Por Amanda Perobelli e Lisandra Paraguassu
ELDORADO DO SUL (Reuters) - Foram três dias de chuvas fortes até Edite de Almeida e João Engelmann decidirem que não tinham escolha a não ser sair de casa, soltando seu pequeno rebanho leiteiro em terras mais elevadas.
A água no assentamento Integração Gaúcha, em Eldorado do Sul, a 70 quilômetros de Porto Alegre, já chegava a 1,5 metro de altura. No dia seguinte, alcançou o telhado das casas.
A enchente sem precedentes que devastou o Rio Grande do Sul, matando ao menos 169 pessoas e deixando milhares de desabrigados, destruiu a comunidade de pequenos produtores que fez sua vida há mais de 30 anos entre as margens do rio Jacuí e o lago Guaíba.
Das 60 galinhas poedeiras do casal, apenas oito sobreviveram. As vacas sobreviveram, mas não têm onde pastar na paisagem inundada.
"Se eu for avaliar tudo que eu perdi dentro de casa a perda é grande. Mas eu não perdi, eu estou viva, toda a família está viva", disse Edite à Reuters na manhã de um domingo frio no galpão onde ela, a família e vizinhos do assentamento buscaram abrigado.
"Eu não lamento muito não, eu agradeço, porque teve muitas perdas muito piores do que a minha. Eu agradeço por estar bem, por estar conseguindo sobreviver, e lamento pelas pessoas que perderam família", afirmou.
Durante as enchentes, Engelmann fez viagens diárias a pé, de trator e de barco para levar ao rebanho todo alimento que encontrava. Ele voltava encharcado todas as noites depois de percorrer as fazendas com amigos, ajudando a retirar o gado morto e cuidando dos sobreviventes.
Um vizinho encontrou um porco morto em seu quarto. Por toda parte, campos de arroz e outras plantações foram destruídos.
Depois de 10 dias, quando a água começou a baixar, Edite foi pela primeira vez ver a situação da casa que construiu e montou com muito sacrifício há 18 anos. Era hora de começar a limpar e reconstruir, e a família sabe o que significa isso.
A história do casal começa na década de 1980, em um acampamento em Cruz Alta, no centro do Rio Grande do Sul, onde nasceu o Movimento dos Trabalhadores Sem Terra (MST) no Brasil.
Na espera por um lote de terra, os dois casaram e tiveram filhos, até chegar ao assentamento em Eldorado, organizado pelo governo do Estado -- o terceiro assentamento da história do movimento no país -- junto com 30 outras famílias.

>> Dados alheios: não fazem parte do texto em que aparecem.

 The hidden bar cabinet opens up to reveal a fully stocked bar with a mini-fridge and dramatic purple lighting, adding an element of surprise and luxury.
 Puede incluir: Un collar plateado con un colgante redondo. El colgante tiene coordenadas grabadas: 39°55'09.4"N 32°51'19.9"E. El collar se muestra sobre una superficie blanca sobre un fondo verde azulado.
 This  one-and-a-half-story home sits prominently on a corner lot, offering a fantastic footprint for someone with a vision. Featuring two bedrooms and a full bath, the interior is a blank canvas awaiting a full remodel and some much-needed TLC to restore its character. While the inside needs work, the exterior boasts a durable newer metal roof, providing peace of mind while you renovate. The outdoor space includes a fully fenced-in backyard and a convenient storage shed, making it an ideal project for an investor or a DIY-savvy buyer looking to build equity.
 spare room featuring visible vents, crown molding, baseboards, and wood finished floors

Ali são produzidos boa parte do arroz orgânico do MST, que ficou famoso no país, além de hortaliças, leite, ovos e suínos, em um patamar que permitiu às famílias um padrão de vida estável, com casas equipadas e filhos na universidade.
As inundações, no entanto, vão fazer com que tenham de começar tudo de novo.
"Eu já passei por isso quando a gente era acampado. A dificuldade de cozinhar, de dormir. Eu já aprendi a viver isso daí, mas não pensava que fosse voltar a fazer de novo", disse Edite.
Dados levantados pelo MST apontam que 170 famílias perderam toda a produção de frutas e hortaliças, com valor estimado em torno de 35 milhões de reais. Na produção de leite, a conta chega a 3 milhões de reais com perdas de animais, galpões, maquinário e leite não entregue.
Inácio Hoffmann, de 60 anos, um dos vizinhos mais próximos do casal, não teve a mesma sorte. Dos seus 22 animais, 13 morreram. Nos primeiros dias não conseguia falar do acontecido sem chorar.
"Falar é muito difícil, é muito recente. Eu tenho 60 anos, sou aposentado há quatro meses... faz um tempo que estava pensando em mudar. Talvez seja a hora", disse.
O cansaço está no rosto de todos. A limpeza das casas, o recolher dos animais mortos, contar os prejuízos das hortas e campos de arroz alagados e destruídos, as noites insones pelo frio e pela preocupação marcam o dia dos assentados.
Voltar, ninguém ainda conseguiu. Alguns, como Hoffmann, pensam em desistir. Outros, como Edite, estão determinados a prosseguir.
"Aos pouquinhos a gente vai voltando. Chegamos do nada. Voltamos para o nada e vamos começar de novo", disse.